Take into account the following examples:- If the data frame has only label “Male” for males, you can skip the definition because this is already assumed by the function, or define for clarity label_sex_male = “Male”.
- Consider that labels are case-sensitive, and thus be attentive to “Male” and “male” or similar definitions.
- If your data frame uses different labeling conventions, you can easily adjust the labels in the function parameters to align with your data. For example, if you data frame contains labels “F” for females and “M” for males, you have to indicate the labeling in parameters of the function as label_sex_male = “M”, label_sex_female = “F”.
-
The functions support also multiple labels in non-standard or mixed
data. If you’re working with data that hasn’t been fully standardized —
where the same category might have different labels — the function
allows you to define multiple values as valid labels for the same
category.
For example, if male sex is represented by both “male” and “hombre” labels and female sex by both “female” and “mujer” labels, you can define: label_sex_male = c(“male”, “hombre”), label_sex_female = c(“female”, “mujer”).

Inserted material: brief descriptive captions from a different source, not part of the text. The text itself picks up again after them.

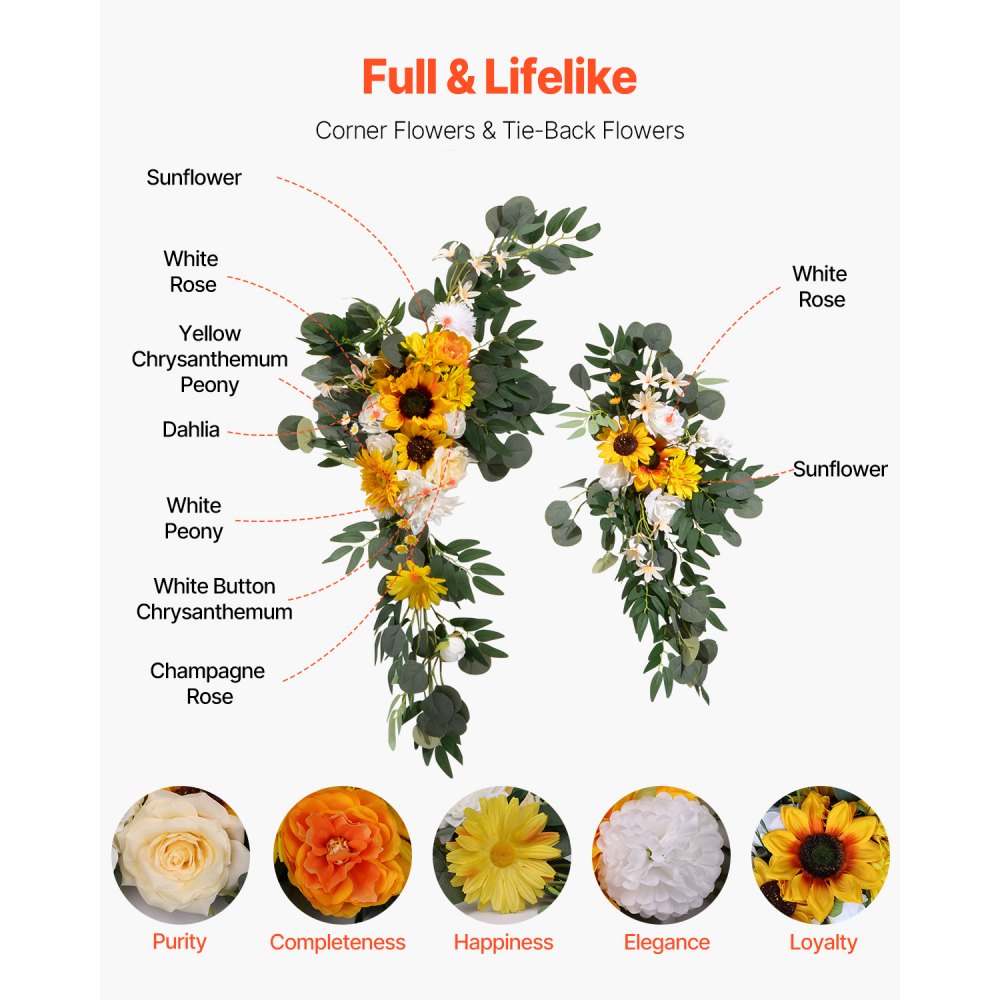 VEVOR Blumen für Hochzeit Bogen, gelbe Blumen für Traubogen mit Vorhängen (3er-Set) – 2 Blumenarrangements, 1 transparente Vorhänge, für Zeremoniensträuße, Empfangshintergrunddekoration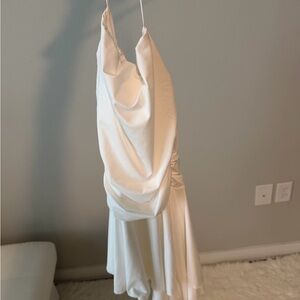 White Cowl Neck Slip Dress
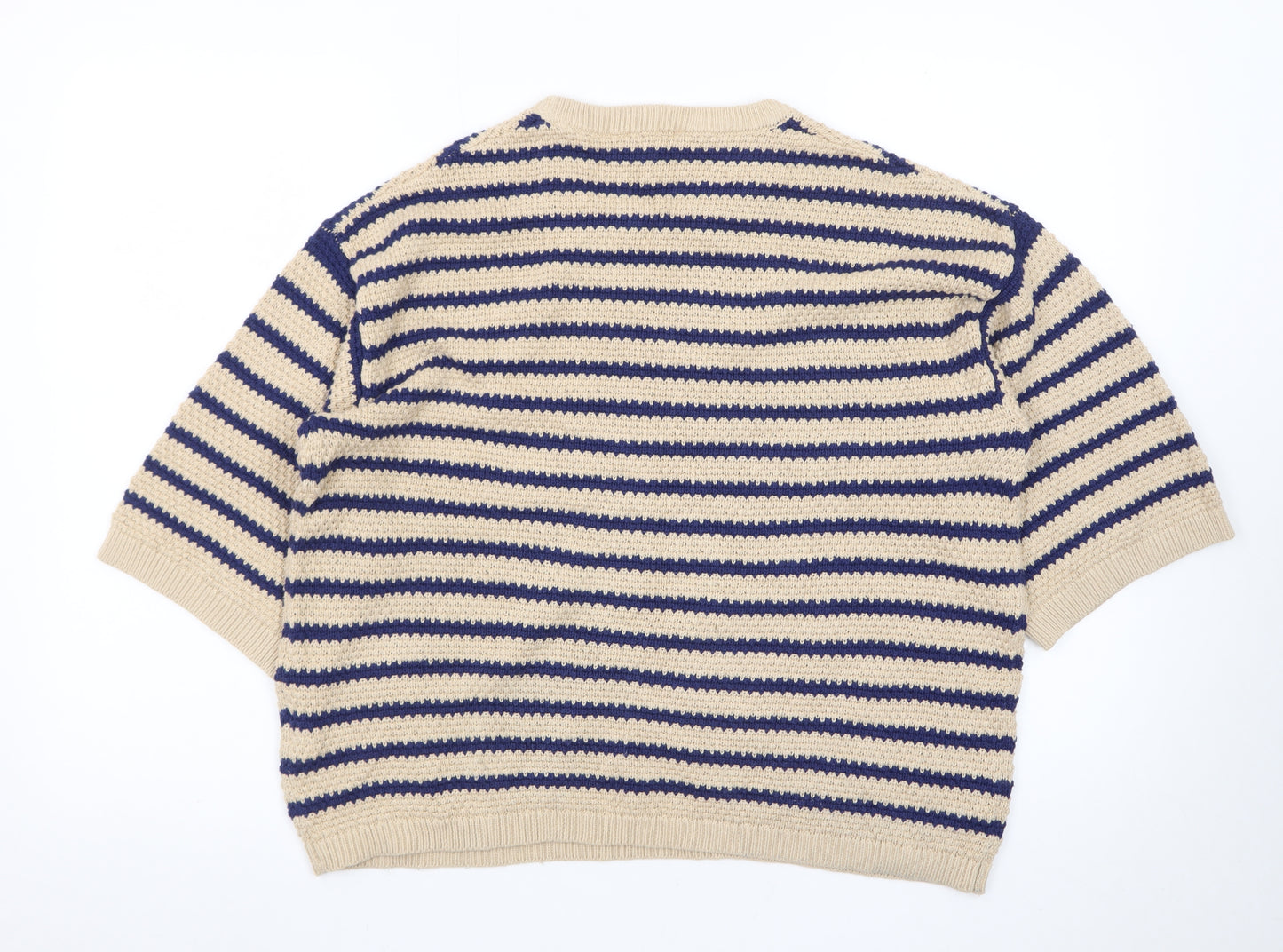 b.young Men's Beige Striped Cotton Short Sleeve Crew Neck Pullover Jumper L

If male sex is represented by both “male” and 1, you can define: label_sex_male = c(“male”, 1).
If male sex is represented by both “male” and “Male” (case-sensitive), you can define: label_sex_male = c(“male”, “Male”).
- As the result, there is no need to modify the original dataset — just adjust the function parameters instead. This saves time and reduces data preprocessing efforts, as well as improve the code readability.